Off-Policy Actor-Critic

Published:

Download

Notes

Action-value methods like Greedy-GQ and Q-Learning have three limitations:

  1. Policies are deterministic.
  2. Finding max action value is difficult for larger action spaces.
  3. Small changes in the action value function can produce large changes in behavior.

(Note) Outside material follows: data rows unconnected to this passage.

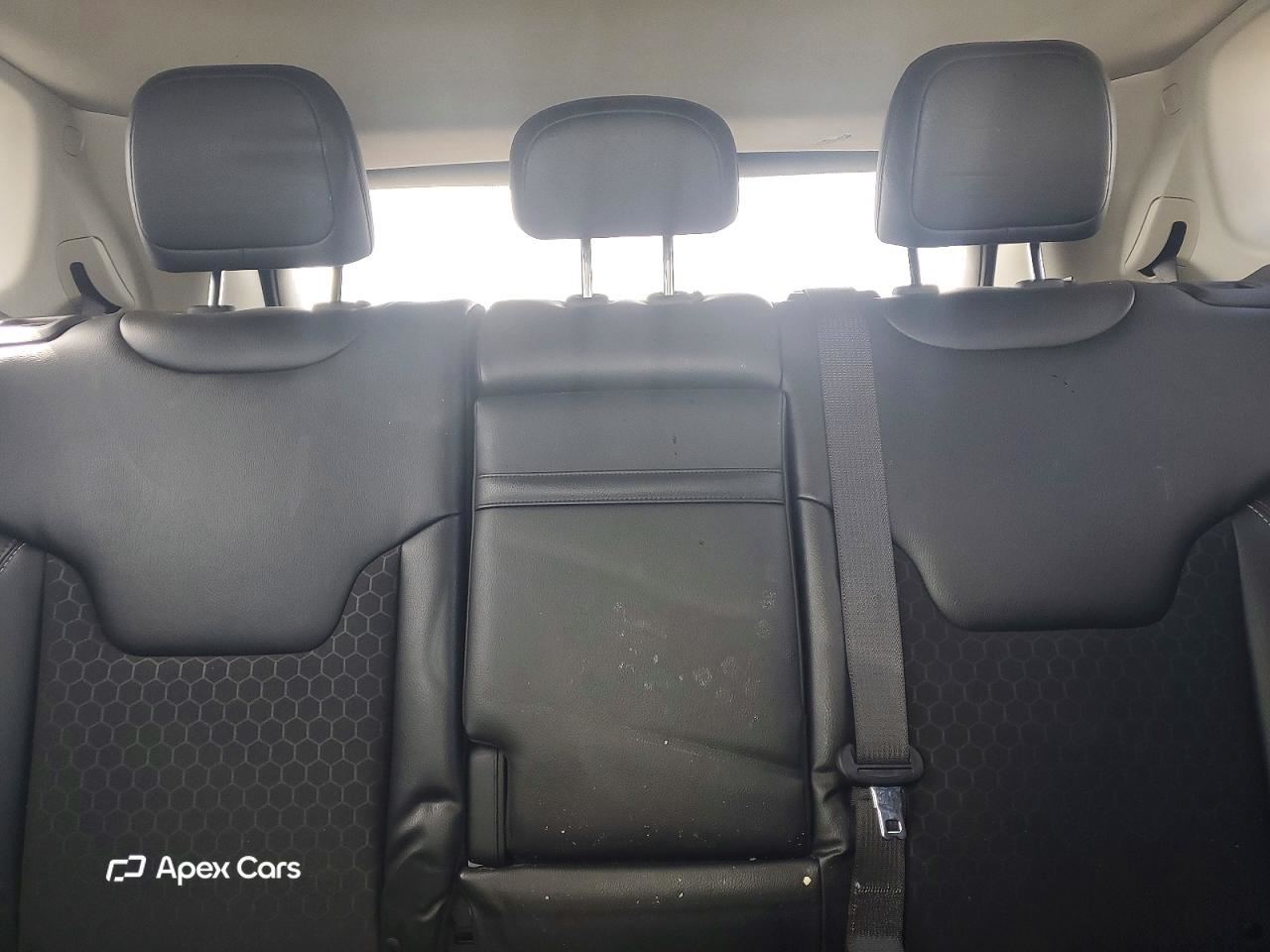 Jeep Compass 2019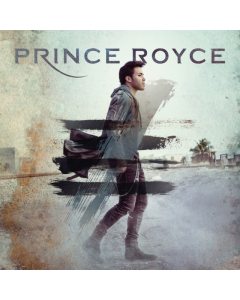 PRINCE ROYCE - FIVE (2LP/140G) (140G/1 COKE BOTTLE CLEAR/1 ULTRA CLEAR VINYL)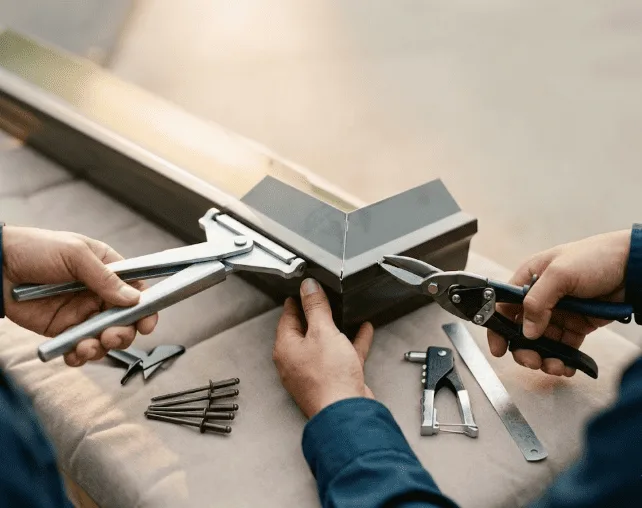 Why choose Gutter Repair in Mitchell, SD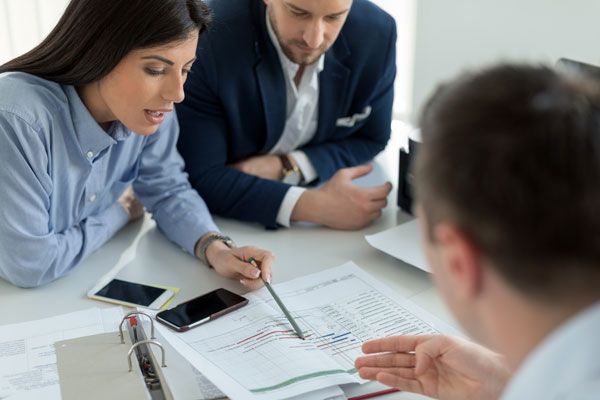 <p>Las tendencias que cambiarán el negocio de wealth management en 2020</p>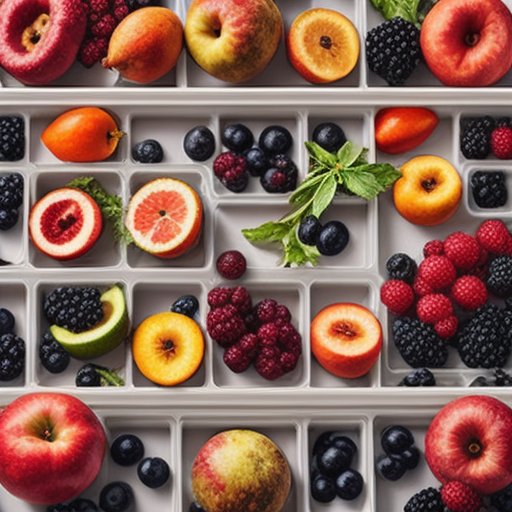Fruits de saison - Bien les conserver pour en profiter plus longtemps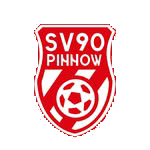 شعار SV 90 Pinnow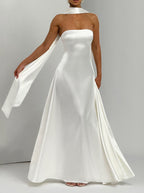 Morven Maxi Dress photo 9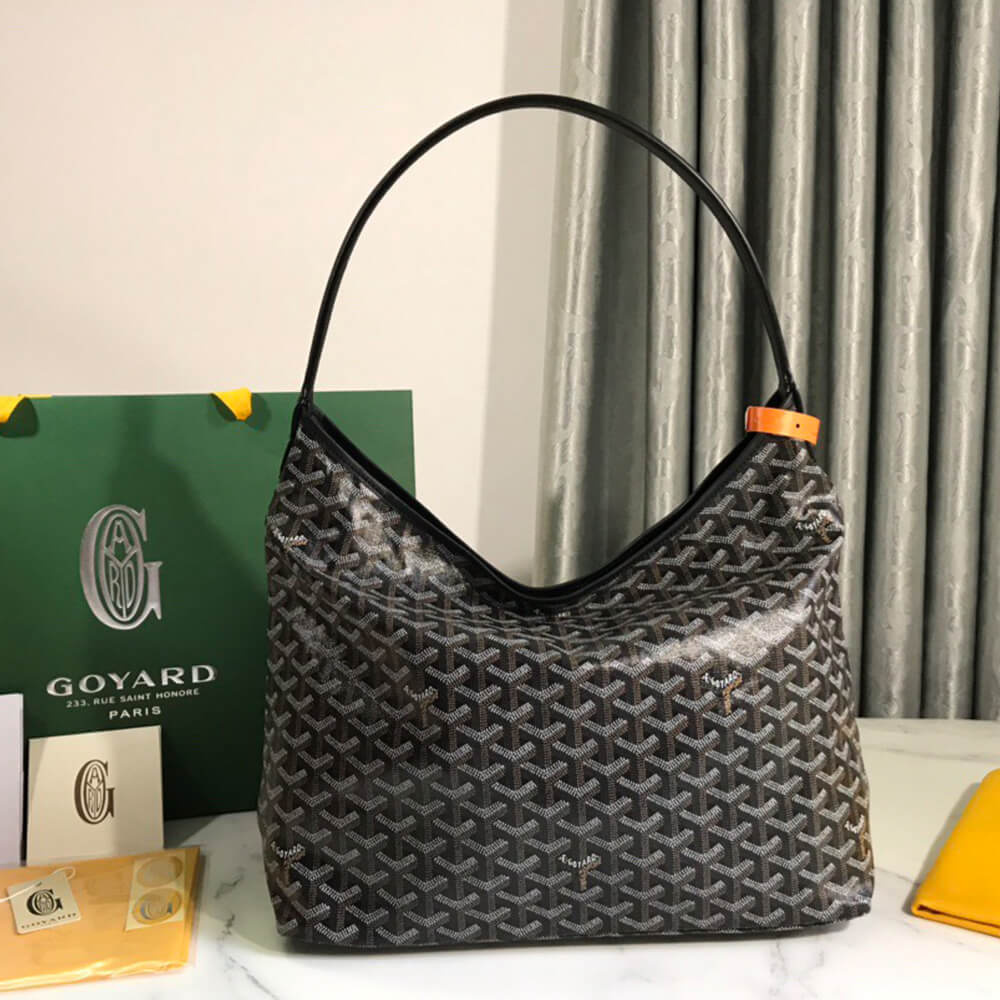 Goyard Boheme Hobo Bag 2 Goyard Boheme Hobo Bag - Image 2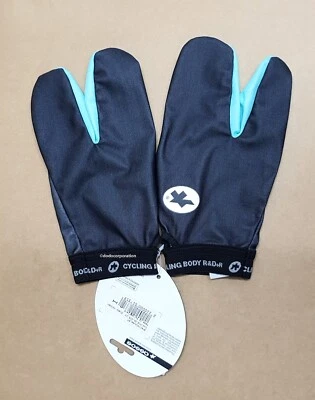 Guantes ASSOS S7 Foto 1 de 4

Policy gradient methods, including Actor-Critic avoid those limitations, but they were all on-policy before this paper.

The Off-PAC algorithm:

Initialize the vectors $e_v$, $e_u$, and w to zero

Initialize the vectors v and u arbitrarily

Initialize the state s

For each step:

Choose an action, a, according to $b(·\|s)$

Observe resultant reward, r, and next state, s′

$\delta \leftarrow r + \gamma(s′)v^Tx_{s′} − v^Tx_s$

$ρ \leftarrow \pi_u(a\|s) / b(a\|s)$

Update the critic using the $GTD(\lambda)$ algorithm:

$e_v \leftarrow ρ(x_s + \gamma(s) \lambda e_v)$

$v \leftarrow v + \alpha_v [\delta e_v − \gamma(s′)(1 − \lambda)(w^Te_v)x_s]$

$w \leftarrow w + \alpha_w [\delta e_v − (w^Tx_s)x_s] $

Update the actor:

$e_u \leftarrow ρ [ \frac{\nabla_u \pi_u (a\|s)}{\pi_u(a\|s)} + \gamma(s) \lambda e_u]$

$u \leftarrow u + \alpha_u \delta e_u$

$s \leftarrow s′$

They only talk about using elegibility traces with a linear combination of state features so I have no idea how well they would work with a neural network. I’m also not sure what the w weights are. They aren’t mentioned anywhere in the paper.